Credit: PhotoDisc/Getty

DNA and RNA sequencing are transformative technologies, but the reliability of the conclusions arising from them is highly dependent on the accuracy of the various practical and bioinformatics steps in the pipelines. Two new studies from the Mercer laboratory describe designed DNA and RNA reference standards — sequencing spike-ins ('sequins') — that could serve as valuable quality-control reagents for diverse sequencing applications.

The teams sought to design reference standards for DNA (Deveson et al.) and RNA (Hardwick et al.) sequencing experiments, particularly for human studies. The rationale is that standards of predesigned composition (known DNA or RNA sequences at chosen stoichiometries) would be spiked into a test sample and would accompany it through library preparation, sequencing and bioinformatics analysis.
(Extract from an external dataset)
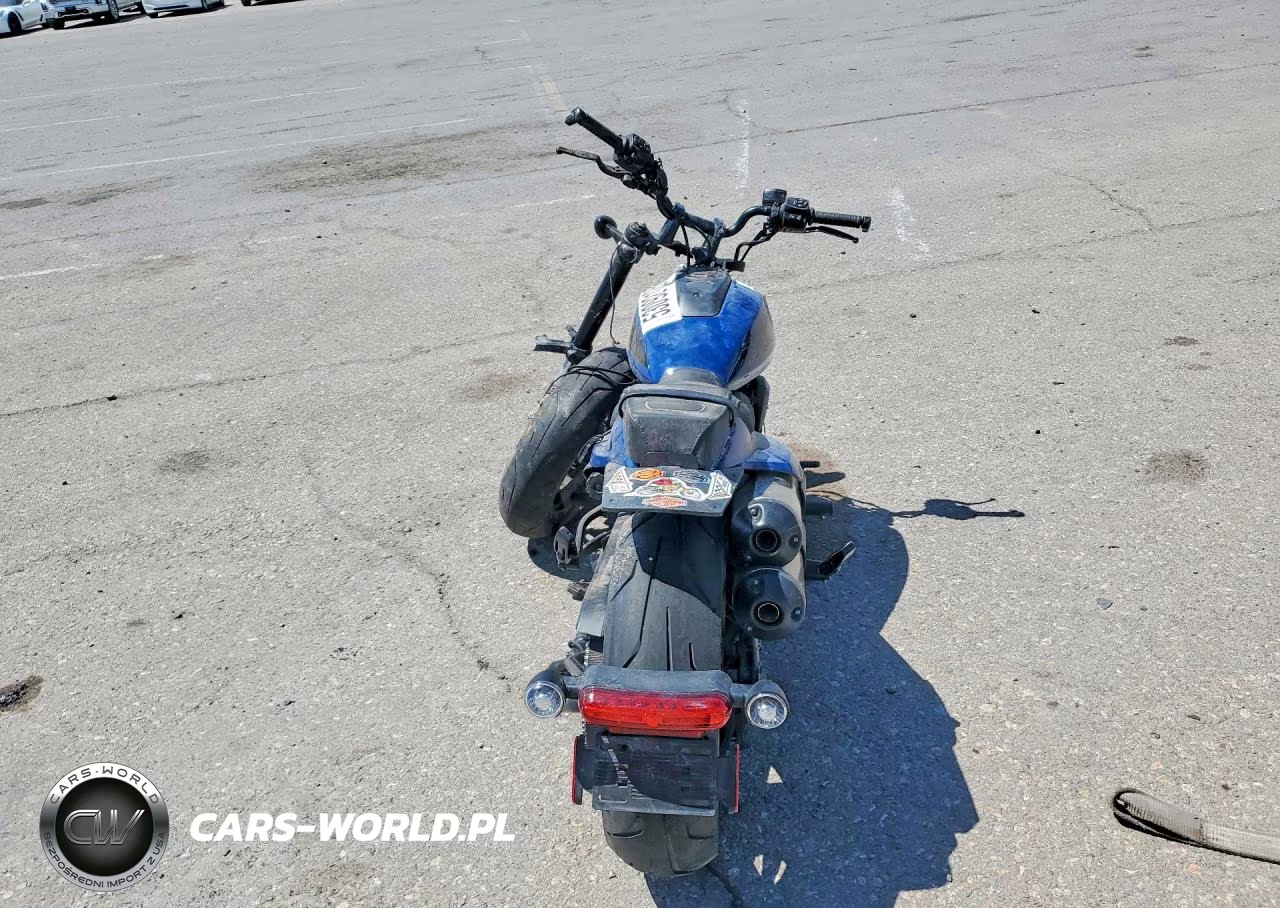 2023 Harley-Davidson Rh1250 S VIN:1HD1ZC411PB313747 - 4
Biases occurring at any of these steps can be identified by how robustly the expected features of the sequin pool emerge from the analysis.

A major challenge with the design of such standards is that they must be close mimics of DNA or RNA in the test sample (such as in length, complexity and GC content), yet have minimal sequence that is alignable with the test sample so that they are unambiguously distinguishable for parallel bioinformatics processing. To achieve this, both teams designed an in silico chromosome of ~11 Mb as the virtual source of their standards, which is derived from human genome sequences that have been inverted and often further rearranged so as to no longer align with human reference sequence.

For their DNA standards, Deveson et al. aimed for a quantitative resource to facilitate the detection of human genetic variation. From their reference in silico chromosome (chrIS_D) they designed custom sets of sequins that contained defined genetic variation relative to chrIS_D. The sequins were synthesized, cloned and purified.

One set of sequins consisted of 36 pairs of ~1 kb sequins containing single-nucleotide variants (SNVs) and small insertions and deletions (indels). Each sequin in a pair represents a chromosomal homologue; hence, variants in one or both of the sequin pairs can mimic heterozygous or homozygous genomic variation. To test performance, an equimolar mixture of sequin pairs was initially spiked into a sample of NA12878 reference human genomic DNA, for which the genetic variation is well characterized. Following sequencing and analysis, SNVs and indels were detected equivalently in the sequins and NA12878 genome, validating their use as an internal control. In a follow-up test, spiking in sequin pairs at staggered concentrations served as a quantitative control for detecting subclonal somatic mutations, such as those in a heterogeneous tumour sample against an NA12878 background. This helped to calibrate the sequencing read depths that are required for rare mutation detection and indicated that SNVs could be confidently detected only at allele frequencies of greater than 1/128.

Other sequin sets were generated for detecting larger variants. Sequins containing large deletions, insertions or inversions facilitated the detection of structural variation, and sequins containing defined copy numbers of elements served as a scale for quantifying the copy number of multi-copy elements and copy-number variants (CNVs) in NA12878.

In the accompanying paper, Hardwick et al. devised RNA sequins as standards for RNA sequencing (RNA-seq) experiments. Their in silico chromosome (chrIS_R) was designed to encode 78 artificial gene loci of varied length and exon number, and RNA sequins were generated for each of these genes (including splicing isoforms) by cloning and in vitro transcription. These sequins are a closer mimic of human transcripts than the commonly used External RNA Control Consortium (ERCC) set of 92 synthetic RNAs that are single-exon transcripts based on bacterial sequences.

The use of RNA sequins at staggered concentrations facilitated the quantitation of numerous transcriptomic features in human RNA samples, such as expression levels (including differential expression between samples) and splicing isoform use. Furthermore, a custom set of rearranged sequins aided the detection of fusion transcripts. Importantly, the sequins allowed the assessment of the most suitable bioinformatics tools for detecting these various features, and reported expression thresholds below which these features cannot be reliably called.

strengthening reproducibility between clinical laboratories

Overall, sequins are a versatile resource for diverse sequencing applications, and may serve the most value in inter-sample normalization (such as strengthening reproducibility between clinical laboratories) and for setting thresholds for clinical diagnoses.